Only part of the story
- Compiling Thriplow's story from established sources
- Getting intrigued by the local landscape
The sort of local history we had found out was very typical of what can usually be found in existing printed sources. Such information has been gathered from documents by antiquarians and scholars over the past 300 years and then published in books.
Information like this is very important but it only tells part of the story. What intrigued us was that during wet weather, hollows filled up with water, revealing straight edges and right-angles, showing that these ditches had been made by man.
'I started writing down the entries relating to Thriplow and found the reports of accidents, fires, crimes and coroner's reports ...'
Were these ditches surrounding the areas where houses had once stood? It was these 'humps and bumps' which led us on a trail of historical discovery and the formation of the Thriplow Landscape Group.
At first it was difficult to know where information about the village could be found. One of the early speakers to the Thriplow Society was Mike Petty of the Cambridgeshire Collection, part of the main library in Cambridge.

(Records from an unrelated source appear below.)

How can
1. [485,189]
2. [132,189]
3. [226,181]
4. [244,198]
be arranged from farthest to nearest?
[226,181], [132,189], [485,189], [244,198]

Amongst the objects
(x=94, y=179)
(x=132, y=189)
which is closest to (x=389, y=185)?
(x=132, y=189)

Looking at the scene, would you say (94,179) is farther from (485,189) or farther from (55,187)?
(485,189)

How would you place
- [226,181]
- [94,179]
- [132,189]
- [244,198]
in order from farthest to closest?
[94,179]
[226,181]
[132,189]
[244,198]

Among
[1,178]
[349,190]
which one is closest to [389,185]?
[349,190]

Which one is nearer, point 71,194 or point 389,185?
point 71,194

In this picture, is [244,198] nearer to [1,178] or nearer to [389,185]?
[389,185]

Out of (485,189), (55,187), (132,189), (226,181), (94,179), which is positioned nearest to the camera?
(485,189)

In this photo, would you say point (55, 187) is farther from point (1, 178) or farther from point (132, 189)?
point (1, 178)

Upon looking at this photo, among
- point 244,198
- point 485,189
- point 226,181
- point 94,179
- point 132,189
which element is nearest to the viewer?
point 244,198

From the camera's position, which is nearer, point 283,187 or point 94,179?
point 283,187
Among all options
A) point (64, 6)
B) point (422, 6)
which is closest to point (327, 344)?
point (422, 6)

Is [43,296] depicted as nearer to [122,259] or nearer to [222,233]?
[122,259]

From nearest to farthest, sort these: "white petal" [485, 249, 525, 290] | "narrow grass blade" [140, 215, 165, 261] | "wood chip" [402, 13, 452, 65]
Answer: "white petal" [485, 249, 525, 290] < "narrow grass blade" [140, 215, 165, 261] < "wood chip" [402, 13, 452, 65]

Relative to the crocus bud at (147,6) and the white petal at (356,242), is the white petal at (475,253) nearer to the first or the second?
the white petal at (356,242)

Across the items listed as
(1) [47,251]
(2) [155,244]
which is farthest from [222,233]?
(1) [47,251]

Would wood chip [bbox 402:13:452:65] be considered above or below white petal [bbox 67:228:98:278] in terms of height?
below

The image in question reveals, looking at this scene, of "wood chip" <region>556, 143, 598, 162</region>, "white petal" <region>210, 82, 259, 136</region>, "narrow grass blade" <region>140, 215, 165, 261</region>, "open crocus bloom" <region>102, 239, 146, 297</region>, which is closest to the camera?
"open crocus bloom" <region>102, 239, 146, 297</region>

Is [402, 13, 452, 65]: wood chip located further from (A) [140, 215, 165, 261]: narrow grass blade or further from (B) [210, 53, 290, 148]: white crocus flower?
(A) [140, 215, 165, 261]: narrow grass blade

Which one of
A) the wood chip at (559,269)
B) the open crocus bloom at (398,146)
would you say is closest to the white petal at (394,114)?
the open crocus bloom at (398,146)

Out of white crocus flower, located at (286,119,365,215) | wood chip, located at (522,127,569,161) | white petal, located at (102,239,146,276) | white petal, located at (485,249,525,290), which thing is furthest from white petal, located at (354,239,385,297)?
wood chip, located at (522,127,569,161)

He had card-indexed all village references in the Cambridge Chronicle a newspaper that had started in 1770. So I started writing down the entries relating to Thriplow and found the reports of accidents, fires, crimes and coroner's reports fascinating.
I went into Cambridge every week and the past seen through these newspaper reports became more real than reality! I joined a class run by Cambridge University's Board of Continuing Education on Local History so that I could find out more about this fascinating subject.